--- Supplied material ---
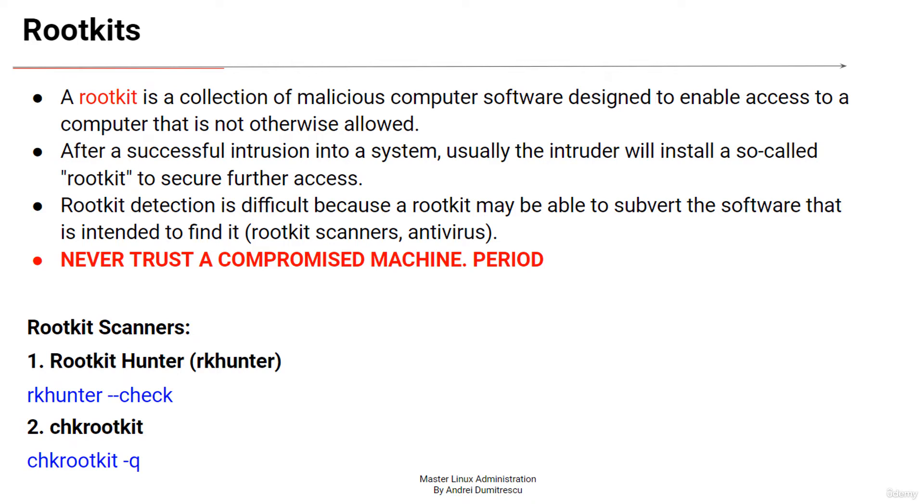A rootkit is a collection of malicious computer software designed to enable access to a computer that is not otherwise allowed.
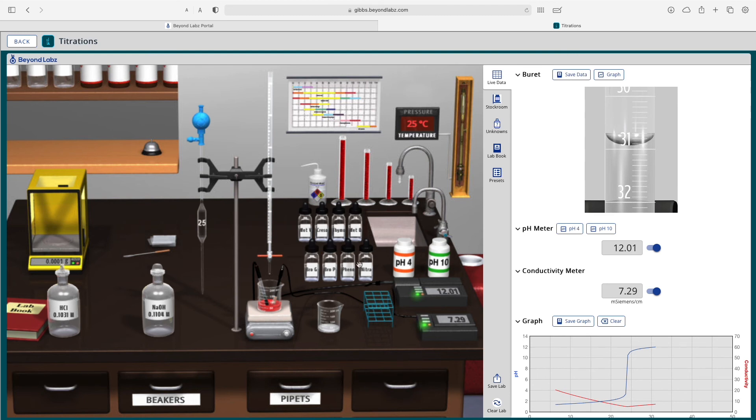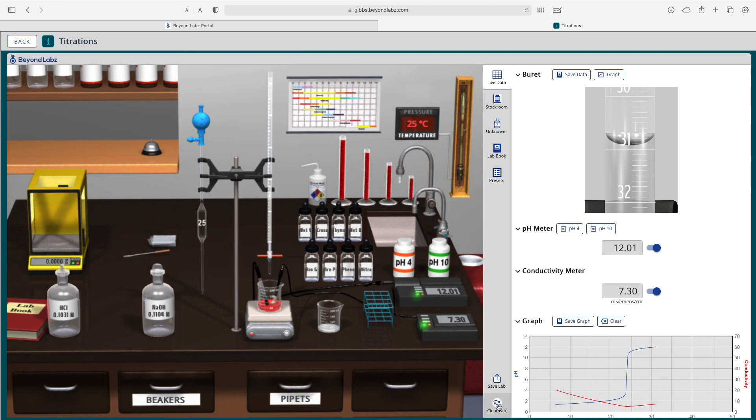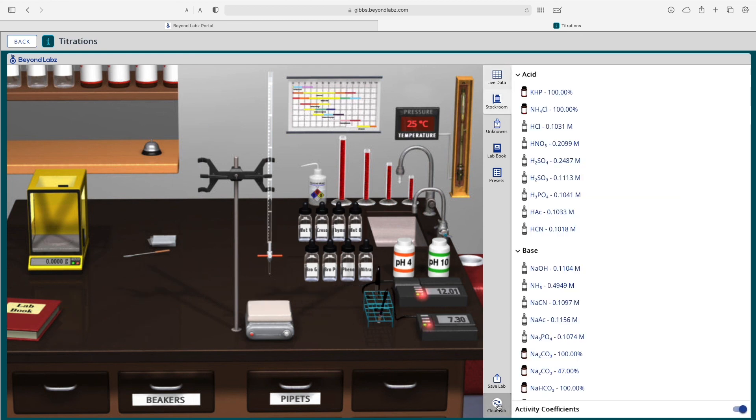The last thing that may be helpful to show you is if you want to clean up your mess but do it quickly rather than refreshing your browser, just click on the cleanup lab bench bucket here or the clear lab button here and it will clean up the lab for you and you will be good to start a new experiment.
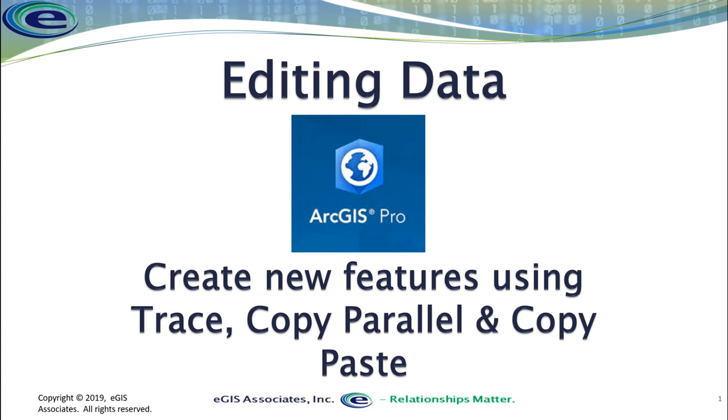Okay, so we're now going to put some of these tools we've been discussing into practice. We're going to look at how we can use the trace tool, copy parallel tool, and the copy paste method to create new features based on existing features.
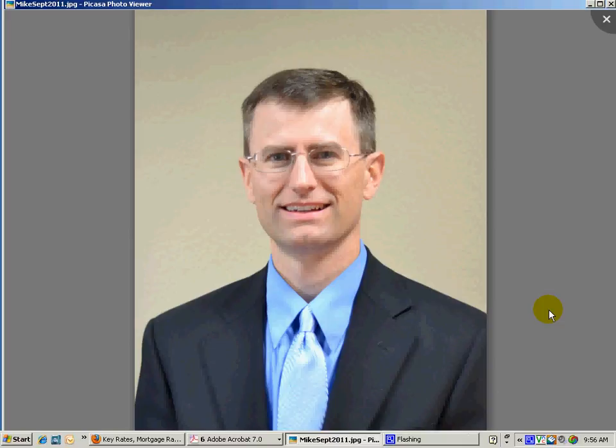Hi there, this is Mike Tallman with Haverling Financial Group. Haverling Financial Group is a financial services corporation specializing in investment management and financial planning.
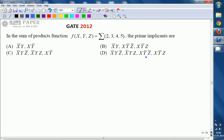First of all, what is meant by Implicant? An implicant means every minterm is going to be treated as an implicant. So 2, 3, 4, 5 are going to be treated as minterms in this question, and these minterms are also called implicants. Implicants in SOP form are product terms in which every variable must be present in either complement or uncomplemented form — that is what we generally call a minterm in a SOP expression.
---
- **Problem to work on**
Leave out the pictures and transcribe the entries above exactly.

- **Exercise result**
A rootkit is a collection of malicious computer software designed to enable access to a computer that is not otherwise allowed.
The last thing that may be helpful to show you is if you want to clean up your mess but do it quickly rather than refreshing your browser, just click on the cleanup lab bench bucket here or the clear lab button here and it will clean up the lab for you and you will be good to start a new experiment.
Okay, so we're now going to put some of these tools we've been discussing into practice. We're going to look at how we can use the trace tool, copy parallel tool, and the copy paste method to create new features based on existing features.
Hi there, this is Mike Tallman with Haverling Financial Group. Haverling Financial Group is a financial services corporation specializing in investment management and financial planning.
First of all, what is meant by Implicant? An implicant means every minterm is going to be treated as an implicant. So 2, 3, 4, 5 are going to be treated as minterms in this question, and these minterms are also called implicants. Implicants in SOP form are product terms in which every variable must be present in either complement or uncomplemented form — that is what we generally call a minterm in a SOP expression.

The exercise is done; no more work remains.